The SDT continues to INCORRECTLY apply this paragraph first to control centers and now to primary control centers. Paragraph 47 is applicable to the registered the entities RCs, TOPs, and BAs and requires these registered entities to have the referenced redundancy and diverse routing of data exchange. The terms “control center” or "primary control center" are not used in Paragraph 47. The SDT continues to fail to recognize that many RCs, TOPs, and BAs already have redundancy and diverse routing of data exchange that addresses the FERC's concerns because they have voluntarily adopted this approach in meeting their COM standards compliance and their EOP-008 compliance.

In Paragraph 48, Order 817, FERC states:

“Further, we disagree with commenter arguments that Reliability Standard EOP-008-1 provides alternatives to data exchange redundancy and diverse routing. The NERC standard drafting team that developed the COM standards addressed this issue in the standards development process, responding to a commenter seeking clarification on the relationship between communication capabilities, alternative communication capabilities, primary control center functionality and backup control center functionality. The standard drafting team responded that “Interpersonal Communication and Alternative Interpersonal Communication are not related to EOP-008,” even though Reliability Standard EOP-008-1 Requirement R1 applies equally to data communications and voice communications. To the extent the standard drafting team asserted that Reliability Standard EOP-008 did not supplant the redundancy requirements of the COM Reliability Standards, we believe the same is true for data communications. Redundancy for data communications is no less important than the redundancy explicitly required in the COM standards for voice communications.”

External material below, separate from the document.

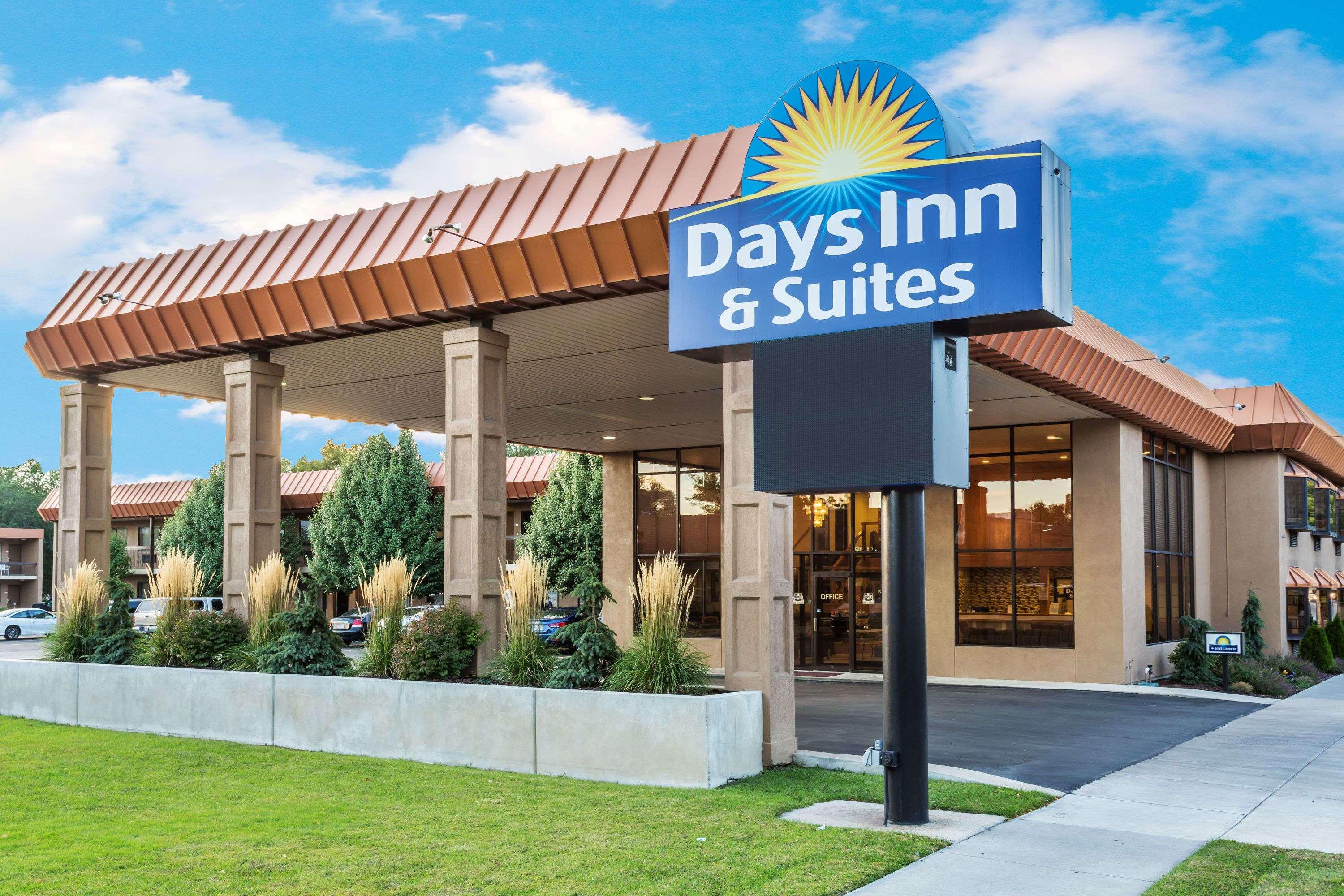 Days Inn & Suites By Wyndham Logan Exterior photo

In Paragraph 48 the FERC DID NOT state that the use of a backup dispatch center in the provision of alternatives to data exchange redundancy and diverse routing fails to address its concerns expressed in Paragraph 47 . It only stated that the requirement to have such data exchange redundancy and diverse routing is not specifically provided for in EOP-008-1. There is no reason for the SDT to believe that the requirements of Paragraph 47 should be applied to the primary control center. There is every reason to believe that the requirements of Paragraph 47 should be applied to the RCs, TOPs, and BAs provision of reliability data using data exchange capabilities that are redundant and diversely routed.

As such the SDT needs to modify R20 and M20 to the following:

“R20. Each Transmission Operator shall have data exchange capabilities, with redundant and diversely routed data exchange infrastructure for the exchange of Real-time data with its Reliability Coordinator, Balancing Authority, and the entities it has identified it needs data from in order for it to perform its Real-time monitoring and Real-time Assessments. [Violation Risk Factor: High] [Time Horizon: Same-Day Operations, Real-time Operations]”

“M20. Each Transmission Operator shall have, and provide upon request, evidence that could include, but is not limited to, system specifications, system diagrams, or other documentation that lists its data exchange capabilities, including redundant and diversely routed data exchange infrastructure for the exchange of Real-time data with its Reliability Coordinator, Balancing Authority, and the entities it has identified it needs data from in order to perform its Real-time monitoring and Real-time Assessments as specified in the requirement.”

The above revisions to R20 and M20 will cause Transmission Operators to “unambiguously recognize that they have an obligation to address redundancy and diverse routing as part of their TOP and IRO compliance obligations” which is the concern FERC has expressed. These changes will allow TOPs to submit evidence that the redundant and diversely routed data exchange capabilities being voluntarily used in compliance with the COM standards and EOP-008-1 are also capable of meeting the new MANDATORY requirements of TOP-001-4. The SDT should have no concern that the FERC would reject this since Paragraph 47 clearly DOES NOT REQUIRE THIS REDUNDANCY AND DIVERSE ROUTING OF DATA EXCHANGE FOR PRIMARY CONTROL CENTERS BUT ONLY FOR RCs, TOPs, and BAs as registered entities.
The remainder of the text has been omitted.